[Short descriptive text snippets]
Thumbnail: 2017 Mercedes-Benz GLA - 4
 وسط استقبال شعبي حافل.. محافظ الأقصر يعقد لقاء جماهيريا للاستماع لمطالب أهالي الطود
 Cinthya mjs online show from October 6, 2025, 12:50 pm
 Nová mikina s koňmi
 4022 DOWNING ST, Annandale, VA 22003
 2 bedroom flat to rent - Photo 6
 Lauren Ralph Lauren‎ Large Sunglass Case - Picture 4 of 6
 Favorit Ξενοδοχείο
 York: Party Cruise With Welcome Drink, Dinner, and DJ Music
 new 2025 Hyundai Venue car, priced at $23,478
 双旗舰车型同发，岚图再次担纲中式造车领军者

| Directions |
What are the lines above, starting at the one with "4022 DOWNING ST, Annandale, VA 22003" and ending at the one with "new 2025 Hyundai"? Give them again exactly, and only them.

| Result for this task |
 4022 DOWNING ST, Annandale, VA 22003
 2 bedroom flat to rent - Photo 6
 Lauren Ralph Lauren‎ Large Sunglass Case - Picture 4 of 6
 Favorit Ξενοδοχείο
 York: Party Cruise With Welcome Drink, Dinner, and DJ Music
 new 2025 Hyundai Venue car, priced at $23,478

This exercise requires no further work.